En medio de la conspiración de las mujeres, el niño relata cuanto extraña los amigos y los juegos que ha dejado atrás, cómo es la escuela en este nuevo país en el que ha tenido que aprender otro idioma; cuánto le gusta Azul – “prima hermana de la hija del ex marido de la sobrina por parte de padre de la tía”- que afortunadamente no es familia de él y, o lo deja con la boca abierta, o lo hace hablar de meteorología como un tonto; también cuenta que “pedazo de anormal” es el sicólogo (sin p) que lo atiende y que se empeña en decirle que son pesadillas recurrentes esos momentos felices en que amparado por el sueño Tele se queda jugando a la pelota en Marianao; y muchas cosas más que me han hecho leer casi sin respirar esta historia que Andrés dedica a su hijo Alejandro, “que no tuvo que vivirlo”.
Fragmento:
En mi casa, la de Cuba, no había quién se escondiera de mí… me las sabía todas. La única puerta que teníamos era la de la calle, el resto eran cortinas de tela. Así que hablábamos bajito para que los vecinos no se enteraran de las cosas que no nos convenían.
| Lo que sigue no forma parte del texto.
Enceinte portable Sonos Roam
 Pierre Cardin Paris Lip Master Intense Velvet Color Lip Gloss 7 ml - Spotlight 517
Valentina era la que más miedo tenía, como si del otro lado de la puerta hubiera una orejota de siete metros pegada a la madera, escuchando todo lo que dijéramos.
Mi padre se ponía de mal genio cuando Valentina le escribía oraciones larguísimas cuando hablaban, o sería mejor decir, escribían, sobre “eso”. Lo obligaba a escribir cantidad de tiempo, hasta una o dos horas. Y cuando yo iba despacito e intentaba leer alguna hoja, mi madre me daba un manotazo y me mandaba a bañar. No, si por ella hubiera sido, por poco no llego aquí, me hubiera gastado de tanto jabón.
Yo no sé por qué la gente en Cuba te manda a bañarte para no mandarte pa’l carajo. Como si fuera algo malo bañarse. Anyway, yo me iba a jugar por ahí y los dejaba en la escribidera. Y parece que eso era algo normal en el solar, lo de escribir, digo, porque cuando se lo conté a la pandilla todos me dijeron que sí, que sus padres también eran escritores. Y el Salvaje Unitario hasta protestó de que el tacaño de su padrastro lo ponía a borrar lo que habían escrito, para ahorrar papel.
Lo de escribir tengo que reconocer que era una buena idea, porque no me enteré de “eso”, o sea, del viaje, de que me iban a “emigrar”, como me dijo María Petunia con cara triste, hasta el día antes de irme.
Esta vez por lo menos me voy a enterar de cuándo llegará mi papá para desquitarme de la otra vez, que no supe que se quedaba… Lo que me encabrona cantidad es que no lloré en el aeropuerto cuando me despedí de él, sino como un mes después, con un muslo de pavo del tamaño de una pata de una mesa en la mano y posando para una foto, al lado de un tipo grandísimo disfrazado de Pato Donald, en Disney World.
La tía dice que yo soy un vejigo complicado y que como demasiado.
Oye, que me dio un sentimiento de pronto así, que mi papá no estuviera allí para decirle: Papi, mira el clase de muslazo que tiene el guanajo este…
Anyway, es que tía Arminda no puede entender que en Cuba no hay mucha carne.